December is one of those months in which the frequency of my trips taken to or from an airport tends to rival that of my trips to the bathroom. Unless I have the stomach flu. Then the bathroom wins out. (And no, I do not have a bladder problem, thank you.)
This realization about how much time I’m spending in airports has me reflecting on the pleasures of airport anonymity…
Many people, when forced to envision airports, can only think of long security lines or lost luggage or over-priced Starbucks (how’s that for redundancy). I’d like to offer a different perspective.
Airports highlight one of mankind’s greatest skills, and I’m not talking about the ability to create cool architecture like the Langenheim Theme Building at LAX or the Sky Plaza at Chek Lap Kok. No. I’m talking about the skill of reinvention. Stick with me…
There is a great equalizing phenomenon that occurs in airports. Even those who are traveling first class, and race to the Admiral’s Lounge or whatever as fast as their Louboutins can take them, must still walk the terminal corridors like the rest of us. And it is in these corridors that reinvention is possible. In fact, anything can happen.

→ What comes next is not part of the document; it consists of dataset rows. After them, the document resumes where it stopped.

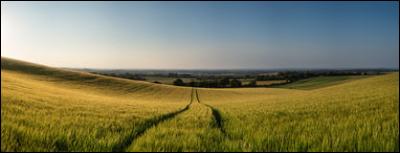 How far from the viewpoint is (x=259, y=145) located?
16.3 ft

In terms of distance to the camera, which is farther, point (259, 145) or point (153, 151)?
point (259, 145)

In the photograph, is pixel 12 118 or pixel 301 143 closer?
pixel 301 143

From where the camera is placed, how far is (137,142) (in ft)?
16.5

As just one of millions of travelers, you are automatically cloaked in anonymity. You can be James Bond, or Jane Bond, or a Bond Girl, or even “M” if you’re in the Medicare demographic.

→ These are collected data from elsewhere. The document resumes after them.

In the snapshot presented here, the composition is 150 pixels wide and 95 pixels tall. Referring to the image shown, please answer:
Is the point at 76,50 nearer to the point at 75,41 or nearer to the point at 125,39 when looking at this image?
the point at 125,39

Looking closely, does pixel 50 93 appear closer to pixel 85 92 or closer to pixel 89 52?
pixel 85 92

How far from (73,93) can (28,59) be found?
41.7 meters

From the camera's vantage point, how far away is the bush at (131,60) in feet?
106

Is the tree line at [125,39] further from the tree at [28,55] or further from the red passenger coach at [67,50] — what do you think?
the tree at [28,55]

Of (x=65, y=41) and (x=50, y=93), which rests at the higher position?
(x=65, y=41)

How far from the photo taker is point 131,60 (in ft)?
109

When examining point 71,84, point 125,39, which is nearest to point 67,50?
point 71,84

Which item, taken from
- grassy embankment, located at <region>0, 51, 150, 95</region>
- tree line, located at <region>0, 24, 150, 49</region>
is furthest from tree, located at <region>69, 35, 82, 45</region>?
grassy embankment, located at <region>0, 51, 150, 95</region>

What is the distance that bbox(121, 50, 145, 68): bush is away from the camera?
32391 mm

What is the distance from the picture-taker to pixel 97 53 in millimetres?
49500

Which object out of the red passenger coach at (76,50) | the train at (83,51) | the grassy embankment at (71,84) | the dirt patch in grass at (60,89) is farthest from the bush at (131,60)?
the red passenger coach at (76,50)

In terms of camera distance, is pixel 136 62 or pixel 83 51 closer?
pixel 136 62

As you sit in the airport bar closest to your gate and listen for announcements justifying your delayed flight, you are whomever you want to be. Come up with a fabulous backstory and try it on the man two stools over. See how fast he slips off his wedding ring or starts to expound upon his luck at getting out of hedge funds with his billions intact. You soon realize that you are not alone in your anonymity, you are not alone in your fantasy, you are not alone in your need to escape.
Indeed, escaping is what airports are all about.